Using its understanding of the North American market, management identifies “the pinch points for specific services in specific regions,” McAllister said. For example, Encana has locked in a fracture spread in the red-hot Permian for 2017, and it has an option to lock in a second. It also has a pricing agreement for sand negotiated in 2015 that extends to 2020.
“We’re having success reducing our amount of consumables in our operations,” said the COO. “As an example in the Permian, we’re also increasing the amount of produced water that we reuse in our fracture jobs from 25% up to 40%. By recycling produced water, we’re also saving on operating costs, because we don’t have to pay to dispose all the water. Sourcing water and transporting it to pipe, then recycling it “is saving us approximately $1 per barrel in the Permian, a clear example of how we can make better wells for lower costs.”
Natural gas production, still the biggest share of Encana’s output, averaged 1,276 MMcf/d in 4Q2016, versus year-ago output of 1,571 MMcf/d. Canadian gas volumes fell to 905 MMcf/d from 1,001 MMcf/d, while U.S. volumes were down at 371 MMcf/d from 570 MMcf/d. Oil and natural gas liquids production averaged 108,900 b/d in the final quarter, about 35% of the mix, from year-ago output of 145,000/d. Liquids volumes are forecast to make up 40% of total company output by year’s end.

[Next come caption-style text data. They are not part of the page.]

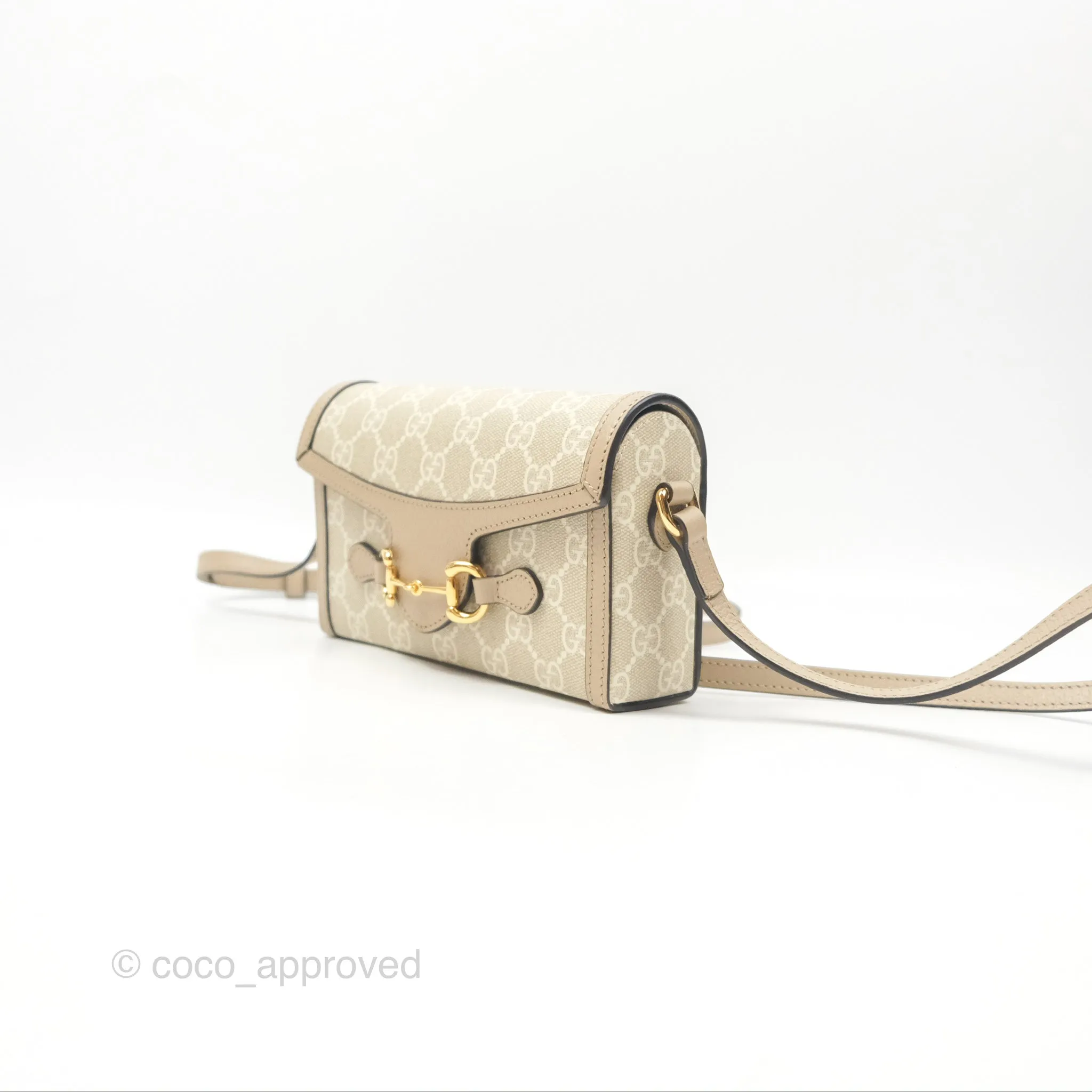 Gucci Horsebit 1955 Mini Bag Beige/White GG Supreme Canvas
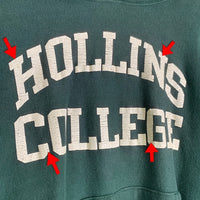 80's Champion チャンピオン HOLLINS COLLEGE リバースウィーブ プルオーバースウェットパーカー グリーン Size M 福生店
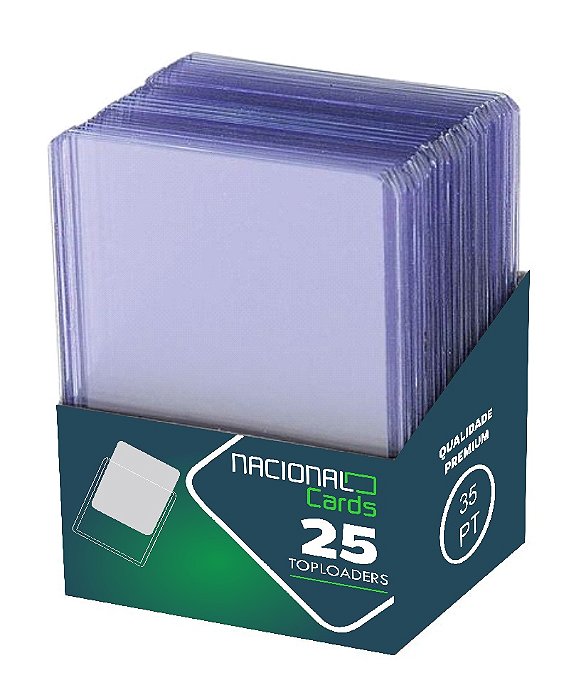 Toploader 3x4 (35pt) Pacote com 25 unidades Nacional Cards
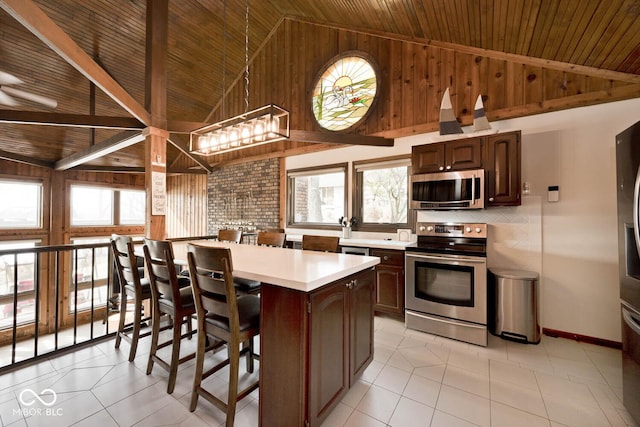 kitchen with wood ceiling, stainless steel appliances, and a kitchen island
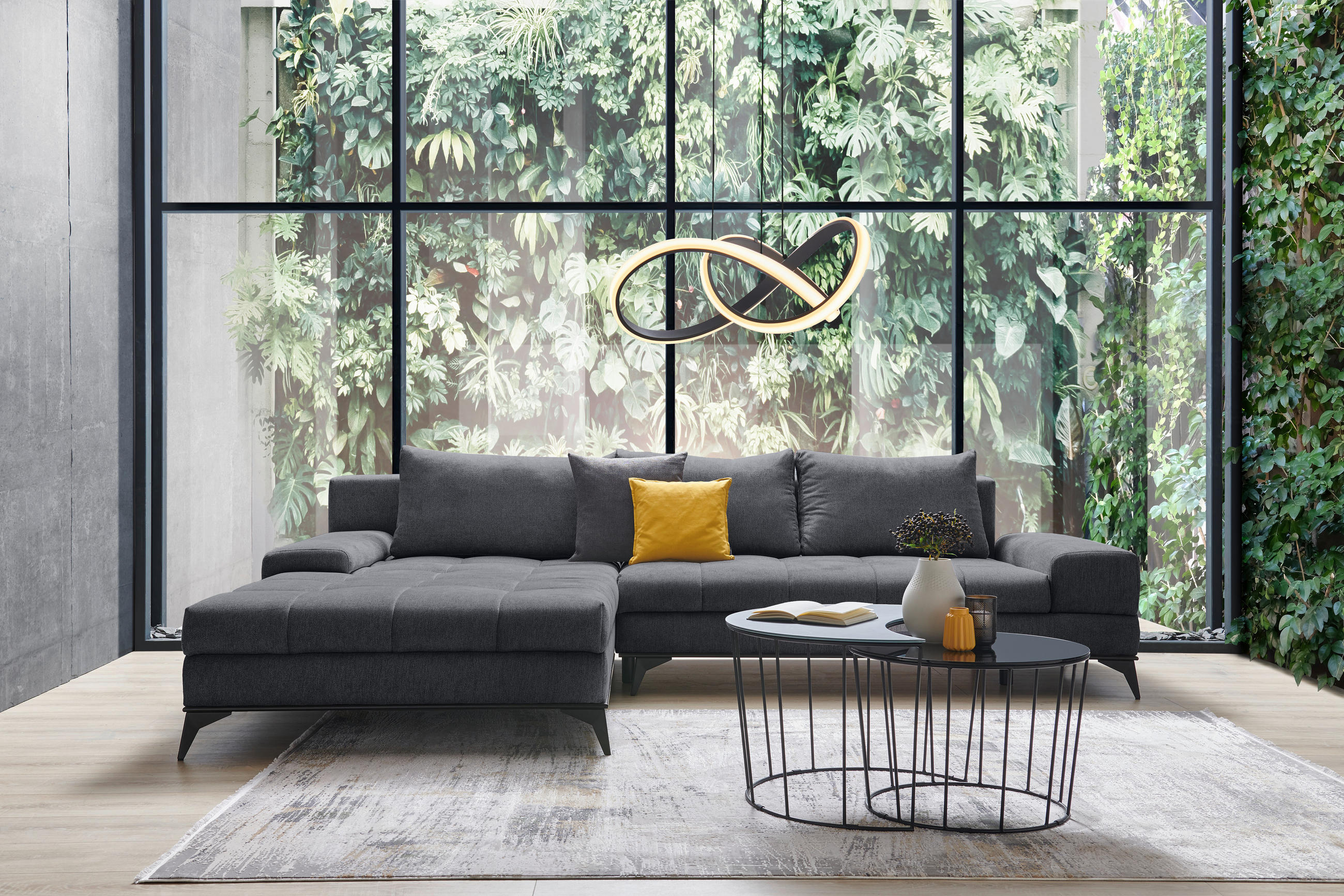 ECKSOFA in Webstoff Graphitfarben  - Schwarz/Graphitfarben, Design, Textil/Metall (212/315cm) - Carryhome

Using Canadian protocols, the Calgary-based independent replaced 326% of 2016 output on a proved plus probable reserves basis after royalties. On a U.S. Securities and Exchange Commission basis, which uses trailing commodity prices over 12 months, Encana replaced 175% of its 2016 production.
Encana reported a net loss of $281 million (minus 29 cents/share) in 4Q2016, versus a year-ago loss of $612 million (minus 72 cents). Revenue fell by 20% year/year to $822 million. Net losses in 2016 totaled $944 million (minus $1.07/share), which included $1.4 billion in writedowns, while revenue was off 34% from 2015.
Capital expenditures this year are set at $1.6-1.8 billion, with total production estimated at 320,000-330,000 boe/d. Total liquids volumes are expected to average 125,000-130,000 b/d, with natural gas production of 1,150-1,200 MMcf/d. The 2017 capital program is to be funded with cash flow and cash on hand, with a corporate margin forecast of more than $10/boe.
At the end of January Encana had hedged 79,000 b/d of expected 2017 crude/condensate production at an average price of $53.56/bbl. In addition, the company has hedged about 860 MMcf/d of expected 2017 gas production at an average price of $3.13/Mcf.
Long-term debt totaled $4.2 billion at the end of 2016, and net debt was about $3.4 billion. Encana had about $5.3 billion of liquidity made up of $4.5 billion in available credit facilities and cash and cash equivalents of $834 million on its balance sheet, compared with cash and cash equivalents of $271 million at year-end 2015.